Dataset entries:

--- START ---

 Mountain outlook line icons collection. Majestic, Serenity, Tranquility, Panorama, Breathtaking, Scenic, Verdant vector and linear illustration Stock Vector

--- END ---
--- START ---

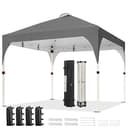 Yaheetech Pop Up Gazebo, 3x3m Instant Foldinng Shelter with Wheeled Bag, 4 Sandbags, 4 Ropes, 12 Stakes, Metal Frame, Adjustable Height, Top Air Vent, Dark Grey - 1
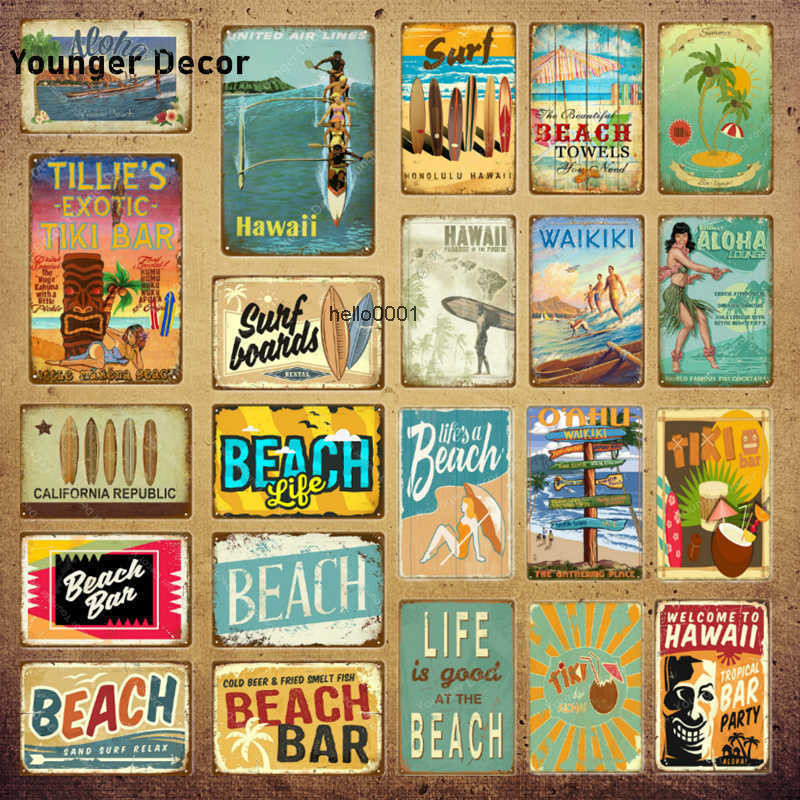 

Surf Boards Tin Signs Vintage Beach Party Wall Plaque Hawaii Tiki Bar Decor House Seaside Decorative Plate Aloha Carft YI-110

--- END ---

Pictures aside, return exactly the lines from the data above, starting at the line that has "Yaheetech Pop Up" and ending at the line that has "Surf Boards Tin", both included.

 Yaheetech Pop Up Gazebo, 3x3m Instant Foldinng Shelter with Wheeled Bag, 4 Sandbags, 4 Ropes, 12 Stakes, Metal Frame, Adjustable Height, Top Air Vent, Dark Grey - 1

Surf Boards Tin Signs Vintage Beach Party Wall Plaque Hawaii Tiki Bar Decor House Seaside Decorative Plate Aloha Carft YI-110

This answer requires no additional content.